- The North American Electric Reliability Corporation has proposed new reliability standards aimed at shoring up the vendor supply chain that delivers software and critical updates to manage the country’s bulk electric supply (BES) system.
- Specifically, the new standards require entities to develop and implement plans to address supply chain cybersecurity risks during the planning and procurement of bulk electric grid security systems.
- The standards, filed with the Federal Energy Regulatory Commission, will address concerns that supply chains for information and communications technology and industrial control systems present risks to grid security, providing opportunities for cyberattacks.

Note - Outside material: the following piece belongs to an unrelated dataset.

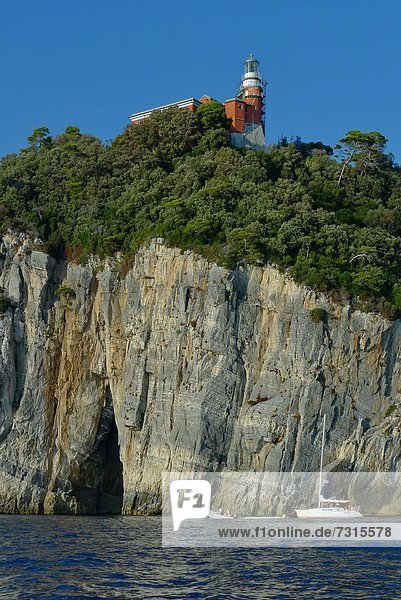 Italy  Liguria  Porto Venere  Tino Island with lighthouse                                                                                                                                           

NERC on Tuesday filed with federal regulators a petition stretching almost 3,500 pages, proposing new cybersecurity standards that aim to address the increasingly-sophisticated attacks on the nation’s bulk power system.
The new standards were proposed in response to FERC Order 829, issued last summer, directing NERC to up its security protocols. In that order, FERC concluded that supply chains for information and communications technology and industrial control systems present risks to BES security, providing various opportunities for adversaries to initiate cyberattacks.
“The targeting of vendors and software applications with potentially broad access to BES Cyber Systems marks a turning point in that it is no longer sufficient to focus protection strategies exclusively on post-acquisition activities at individual entities,” FERC found in Order 829.
The new standards aim to: reduce the likelihood that an attacker could exploit legitimate vendor patch management processes to deliver compromised software updates; address the risk that entities could unintentionally plan to procure and install unsecure equipment or software within their information systems; and address the risk that a compromised vendor would not provide adequate notice of security events and vulnerabilities.
Additionally, the standards will deal with vendor remote access-related threats, “including the threat that vendor credentials could be stolen and used to access a BES Cyber System,” as well as the threat that a compromise at a trusted vendor could traverse over an unmonitored connection.
Cybersecurity is an increasing focus of the electric utility industry.
Over the summer, United States officials said they were investigating multiple cyberattacks that unsuccessfully targeted nuclear generation sites earlier this year. The event was code named “Nuclear 17.” In May, cybersecurity firm Dragos issued a report concluding malware that was used in a 2015 cyberattack resulting in power outages in Ukraine could be modified by developers to target the United States.